To determine how many people we would expect to be between 159 and 171 cm tall, we need to calculate the z-scores for these heights using the formula:
z = (x - μ) / σ
where:
x = height value
μ = mean (165 cm)
σ = standard deviation (6 cm)
For 159 cm:
z1 = (159 - 165) / 6 = -1
For 171 cm:
z2 = (171 - 165) / 6 = 1
Next, we need to find the cumulative probability corresponding to these z-scores using a standard normal distribution table or calculator.
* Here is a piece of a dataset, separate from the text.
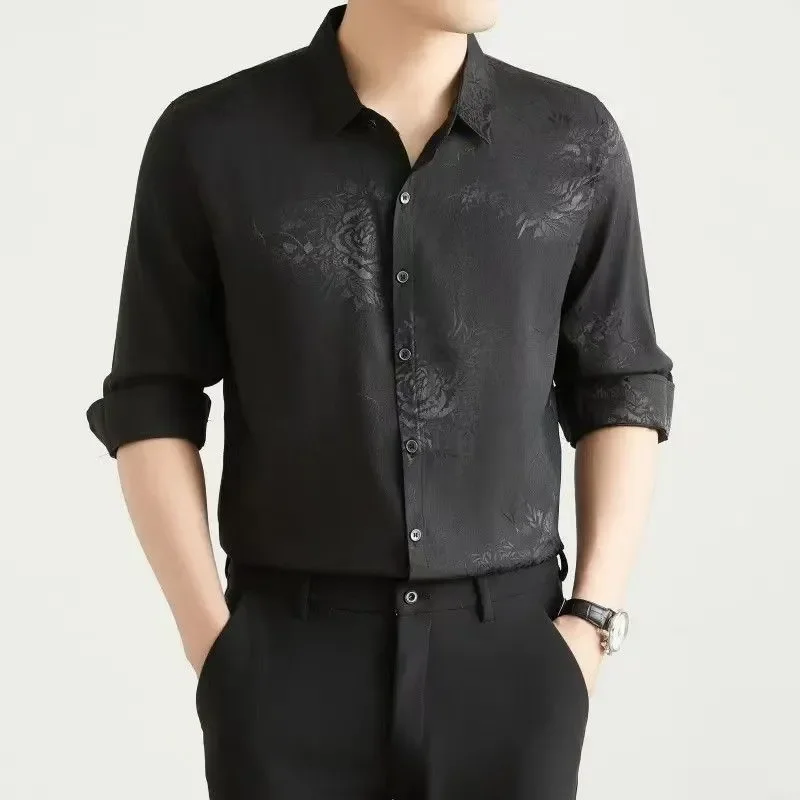 

Men's Black Floral Jacquard Shirt Long Sleeve Casual Button-Down Regular Fit Business Top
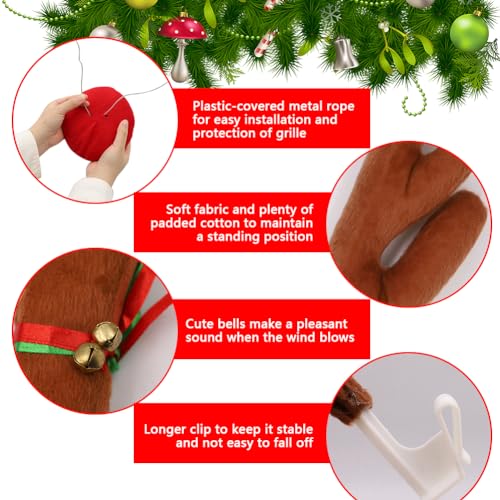 Jaxbo Christmas Reindeer Antlers Car Decoration Kit Plush Rudolf Auto Reindeer and Red Nose Set with Jingle Bells - Best Chrictmas Gift Choice - Image 3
The cumulative probability represents the area under the standard normal curve up to that point.
From the standard normal distribution table, the cumulative probability for z = -1 is approximately 0.1587, and the cumulative probability for z = 1 is approximately 0.8413.
To find the probability between these two heights, we subtract the cumulative probability for z = -1 from the cumulative probability for z = 1:
P(159 ≤ x ≤ 171) = P(z ≤ 1) - P(z ≤ -1)
= 0.8413 - 0.1587
= 0.6826
This means that approximately 68.26% of the 80 people would be expected to have heights between 159 and 171 cm tall.
To calculate the number of people, we multiply the probability by the total number of people:
Expected number = probability * total number
= 0.6826 * 80
≈ 54.61
Therefore, we would expect approximately 55 people to be between 159 and 171 cm tall.
To find the number of people you would expect to be between 159 and 171 cm tall, we need to calculate the z-scores for these heights and use the standard normal distribution table.
The formula for calculating the z-score is given by:
z = (x - μ) / σ
Where:
- z is the z-score
- x is the individual height
- μ is the mean
- σ is the standard deviation
For the lower boundary of 159 cm:
z1 = (159 - 165) / 6 = -1.0
For the upper boundary of 171 cm:
z2 = (171 - 165) / 6 = 1.0
Now, we can use the standard normal distribution table or a calculator to find the area between these z-scores.
Using the standard normal distribution table, we can look up the area corresponding to a z-score of -1.0, which is 0.1587, and the area corresponding to a z-score of 1.0, which is 0.8413.
To find the area between these two z-scores, we subtract the smaller area from the larger area:
0.8413 - 0.1587 = 0.6826
This means that approximately 68.26% of the population falls between 159 and 171 cm tall.
To find the number of people from a sample of 80 that fall within this range, we multiply the percentage by the sample size:
0.6826 * 80 = 54.6
Therefore, you would expect approximately 55 people to be between 159 and 171 cm tall in a sample of 80 people.